• _ASSIGNMENT_
Would you print the data below exactly, leaving out every picture?

• _SOURCE MATERIAL_
-----

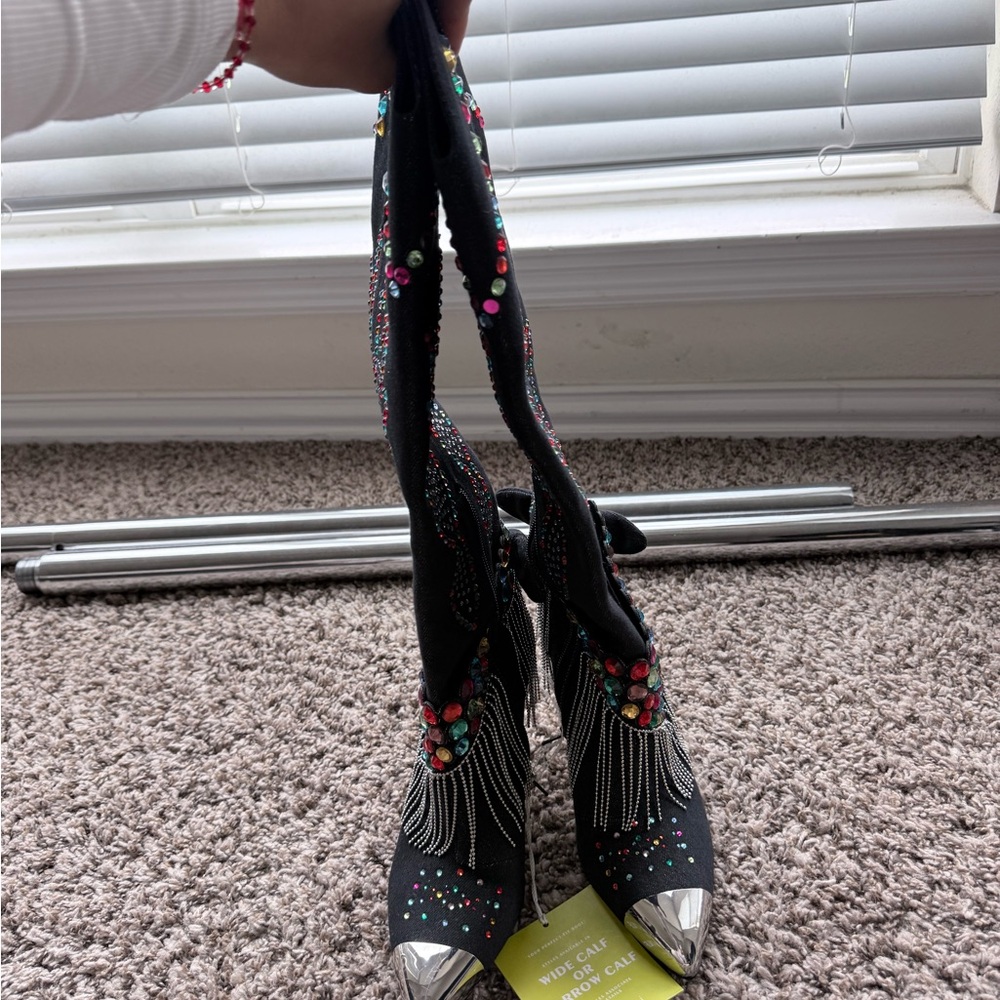 Gianni Bini Blue Jean Boots with Multicolor Accents - Picture 3 of 4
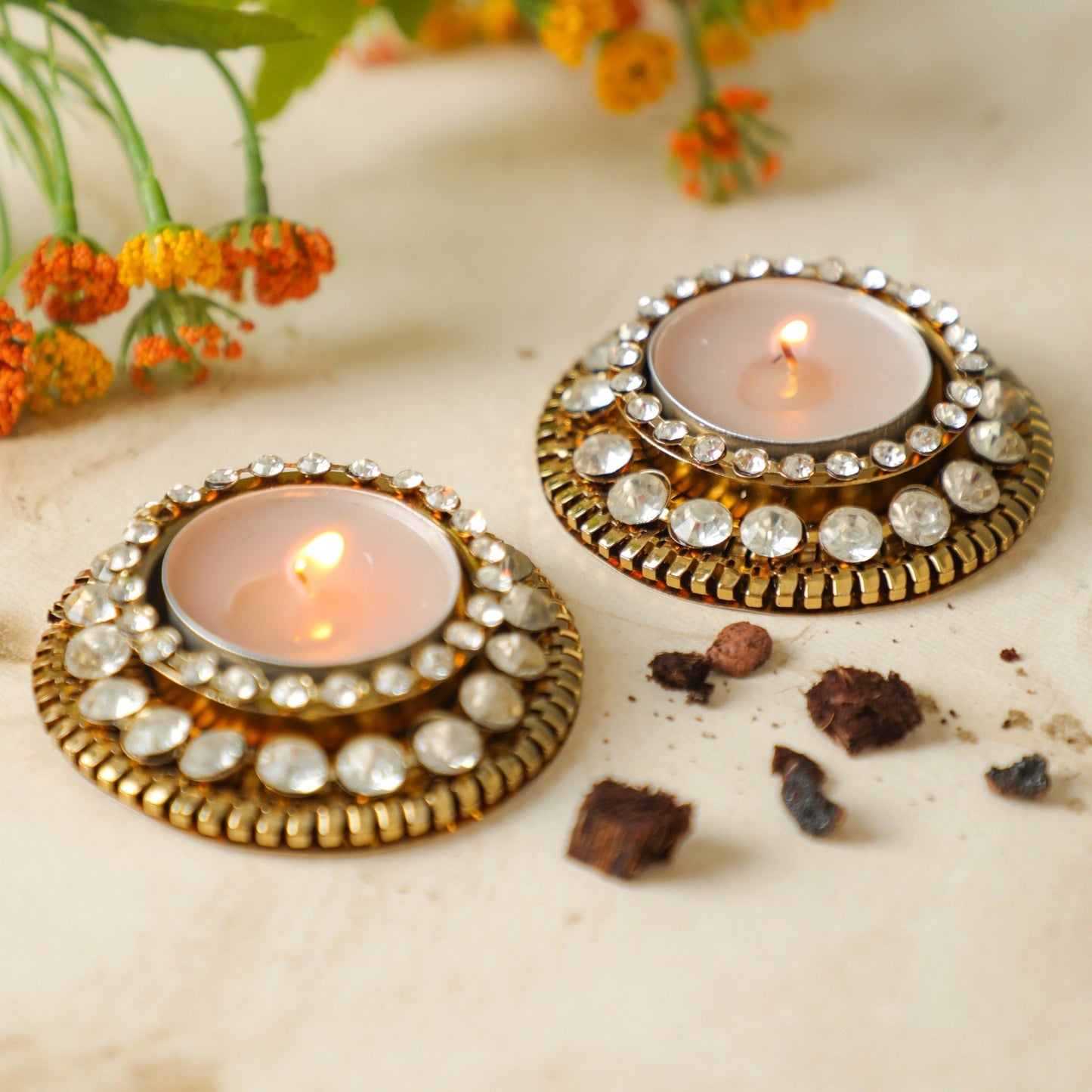 Metal Diyas with Kundan Stones Tealights holders PRO Indian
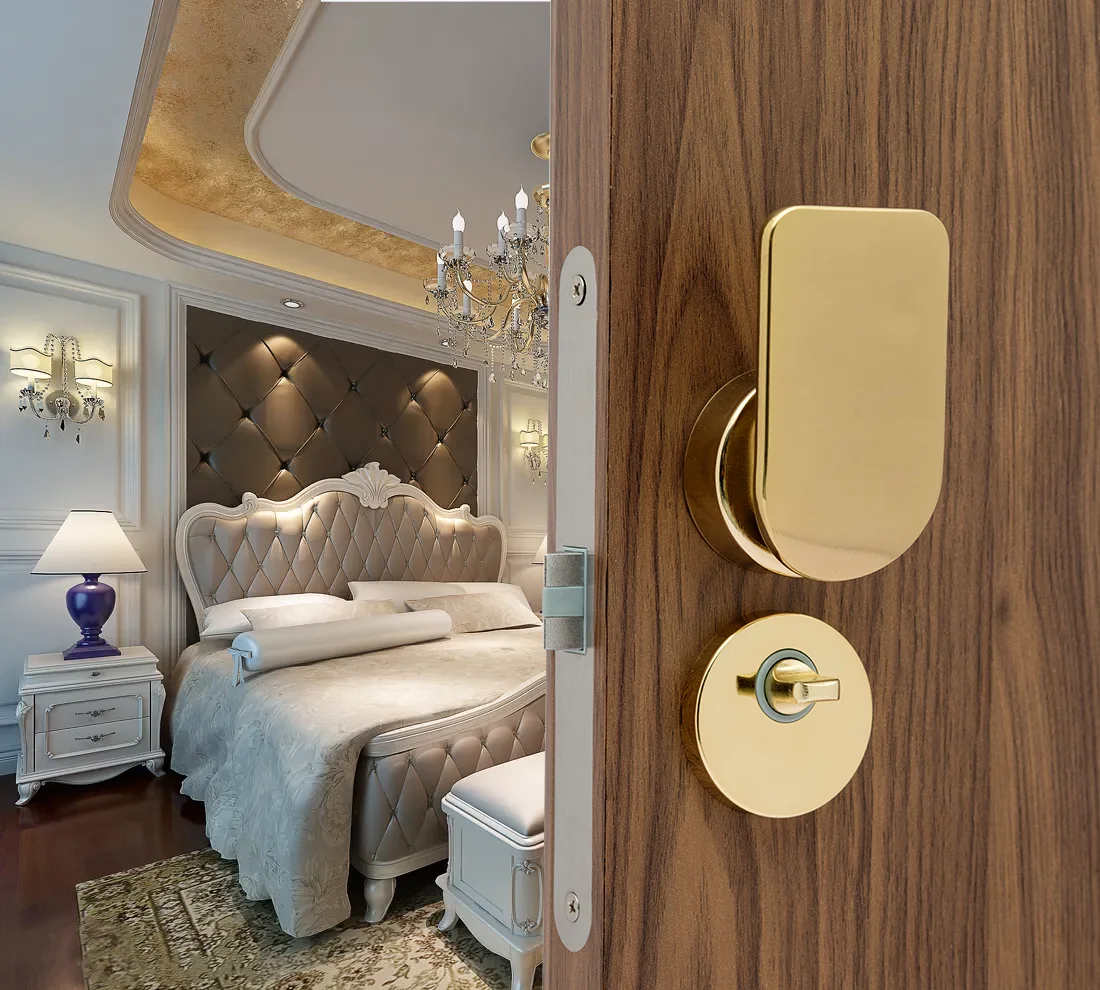 Quality golden supplier bedroom door handles with coin opened interior door locks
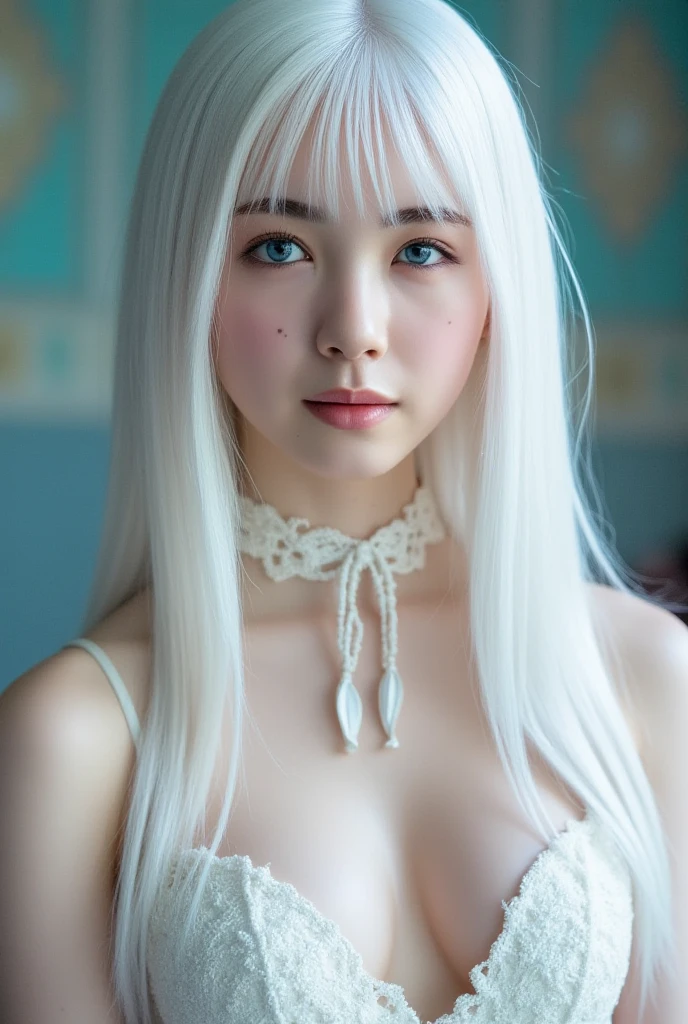 ((high quality)),table top,(Detailed depiction of local details:1.2),1 Japanese girl,(plump breasts:1.3),Enchanted Valley,closed mouth,eyelash,looking at the viewer,portrait,alone,Upper body,gray hair,white theme,short hair,silver hair,Yoruhano. 2 Type B,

-----

• _EXERCISE SOLUTION_
 Gianni Bini Blue Jean Boots with Multicolor Accents - Picture 3 of 4
 Metal Diyas with Kundan Stones Tealights holders PRO Indian
 Quality golden supplier bedroom door handles with coin opened interior door locks
 ((high quality)),table top,(Detailed depiction of local details:1.2),1 Japanese girl,(plump breasts:1.3),Enchanted Valley,closed mouth,eyelash,looking at the viewer,portrait,alone,Upper body,gray hair,white theme,short hair,silver hair,Yoruhano. 2 Type B,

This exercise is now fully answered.